En la sanción fechada el 12 de junio -a la que tuvo acceso El País-, pero que parte de un sumario iniciado el 30 de setiembre, se resolvió "suspender preventivamente en el ejercicio de sus funciones de su cargo con retención de medio sueldo (50%)" a Bustillo, "hasta tanto comparezca a prestar declaración" a la Dirección de Asuntos Jurídicos de Cancillería en su calidad de sumariado.
"Una vez más quiero aclarar que yo no participé de la famosa reunión de Presidencia; estaba fuera del país, no era el ministro porque estaba de viaje en Nueva Zelanda. La que estaba en funciones y estaba en la reunión fue Ache. Lo del sumario no es una noticia nueva, la tiraron ahora para tapar los viajes de Lubetkin a Roma", apuntó el excanciller.

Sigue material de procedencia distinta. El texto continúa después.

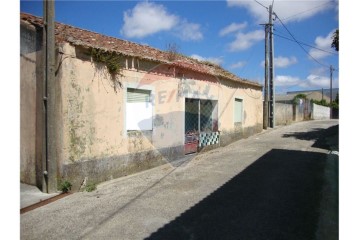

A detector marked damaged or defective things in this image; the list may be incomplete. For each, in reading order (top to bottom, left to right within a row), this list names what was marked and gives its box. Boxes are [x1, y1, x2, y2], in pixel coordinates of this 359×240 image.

peeling plaster wall [57, 43, 262, 189]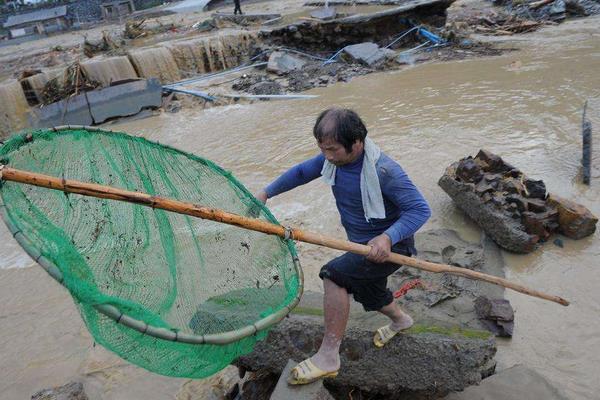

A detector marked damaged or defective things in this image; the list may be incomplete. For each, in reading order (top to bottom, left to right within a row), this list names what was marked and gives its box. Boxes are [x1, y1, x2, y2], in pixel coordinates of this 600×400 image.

broken concrete [268, 51, 308, 74]
broken concrete [270, 360, 336, 400]
broken concrete [446, 366, 568, 400]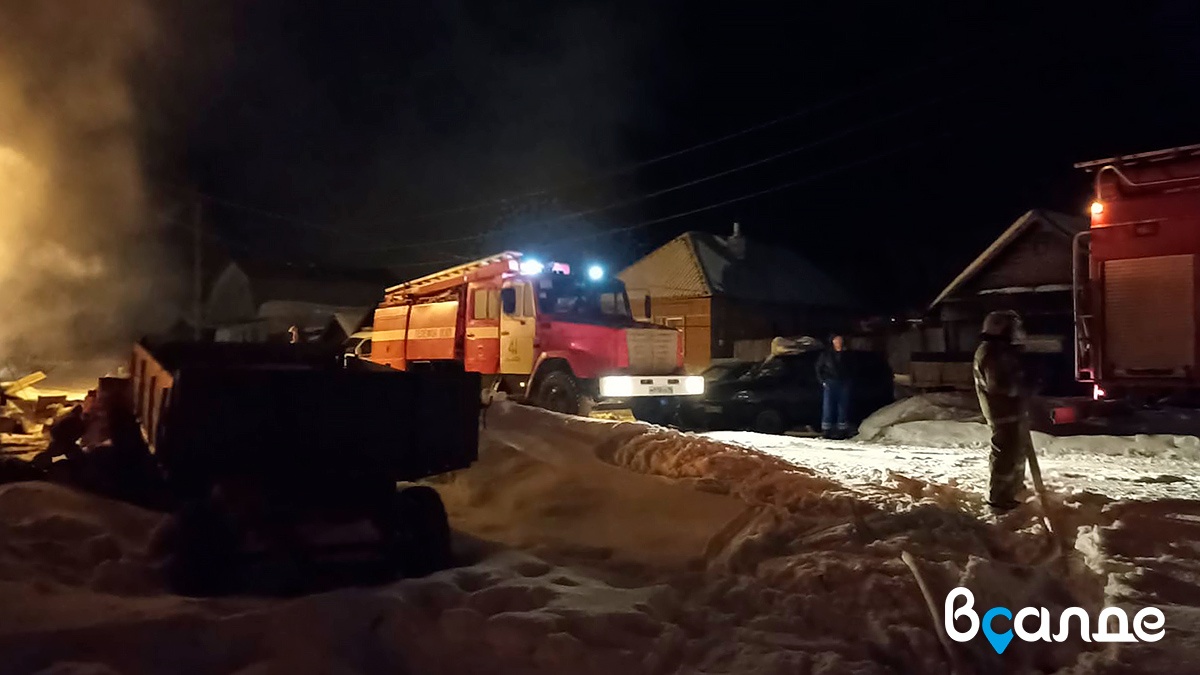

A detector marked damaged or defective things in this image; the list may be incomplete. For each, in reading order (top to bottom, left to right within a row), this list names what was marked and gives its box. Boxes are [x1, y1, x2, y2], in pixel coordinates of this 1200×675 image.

burned house [203, 258, 384, 344]
burned house [620, 224, 864, 372]
burned house [904, 209, 1096, 394]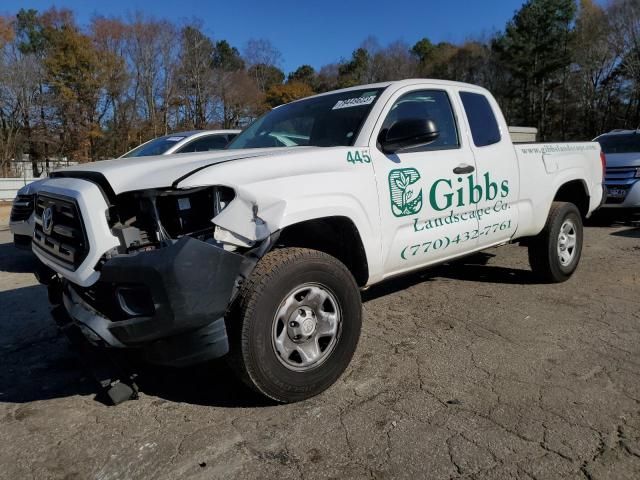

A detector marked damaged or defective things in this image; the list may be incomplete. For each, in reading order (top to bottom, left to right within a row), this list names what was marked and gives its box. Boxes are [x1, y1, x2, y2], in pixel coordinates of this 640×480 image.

crumpled hood [45, 147, 304, 194]
damaged front end [46, 185, 282, 368]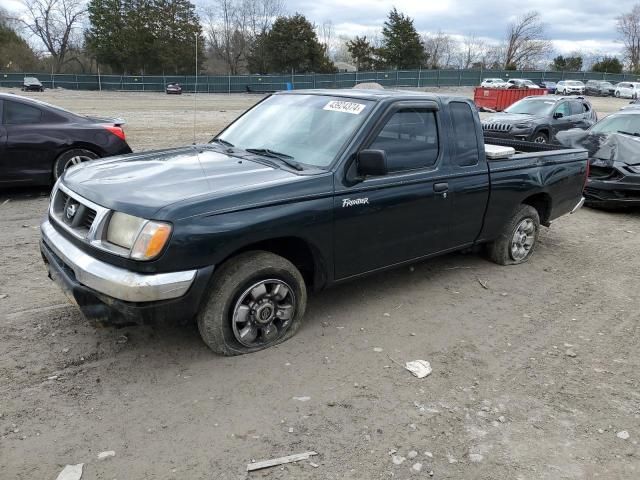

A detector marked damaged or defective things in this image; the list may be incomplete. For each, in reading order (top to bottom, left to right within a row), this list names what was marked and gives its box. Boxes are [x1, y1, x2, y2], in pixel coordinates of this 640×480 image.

crushed vehicle [21, 76, 43, 92]
crushed vehicle [0, 93, 131, 187]
crushed vehicle [482, 95, 596, 143]
crushed vehicle [556, 109, 640, 209]
crushed vehicle [584, 79, 616, 96]
crushed vehicle [41, 89, 592, 352]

La referencia de Bustillo alude a una información dada el jueves por Búsqueda, según la cual el ministro de Relaciones Exteriores realizó siete viajes a Roma -ciudad donde residía antes de asumir- en poco más de un año. De acuerdo con la publicación, percibió viáticos correspondientes a 48 días de estadía en la capital italiana, más allá del centenar de días en los que figura que estuvo de visita en decenas de países en el marco de misiones oficiales. Italia concentró el 30 % de los viajes.
En su defensa, sin embargo, Bustillo dio un paso más y apuntó contra varios jerarcas del gobierno: "No es casualidad que justamente el jefe de prensa de Lubetkin hoy sea (Javier) Benech, que trabajó con Díaz en la Fiscalía General de la Nación".
Bustillo recordó la investigación administrativa iniciada por la presunta destrucción, el 25 de noviembre de 2022, de un documento protocolizado por parte del entonces asesor del presidente Luis Lacalle Pou, Roberto Lafluf. El documento contenía intercambios de mensajes entre la exvicecanciller y Guillermo Maciel sobre Sebastián Marset.
"Esto es lo brutal. En su momento, se dispuso hacer una investigación administrativa y se decidió que la hiciera una abogada de Presidencia que casualmente trabaja a las órdenes de Díaz, exabogado además de Ache. Se alegó que Jurídica de Cancillería podía estar involucrada, pero cuando normalmente pasa eso lo hace algún otro funcionario de Cancillería o la Jurídica de algún otro ministerio. La realidad es que desde el primer día quisieron tapar a Ache. ¿Por qué a ella no se le hizo sumario?", alegó.
La negativa a declarar
No obstante, la sanción que recae ahora sobre Bustillo se remonta a la finalización de esa investigación y al inicio del sumario en su contra. A partir de ese momento, el excanciller fue citado dos veces a declarar en calidad de sumariado ante los instructores de una investigación interna. "Efectivamente, no ha existido causa justificante ni fáctica ni jurídica que admita la no concurrencia a prestar declaración del funcionario sumariado", indica la resolución de la sanción.
No obstante, el exministro argumentó desde el momento en que fue citado que no iba a concurrir, porque entiende que nunca debió haber sido sumariado por acciones que tomó en un cargo de responsabilidad política -por las que ya pagó con su renuncia- y considera la acción "ilegítima". "Por tanto, este sumario puede continuar y culminar sin nueva citación a mi persona ya que, como comprenderá, la concurrencia pretendida sería contradictoria con mi reclamación, no pudiéndoseme exigir actos contrarios a mi legítimo derecho", respondió en abril de 2026.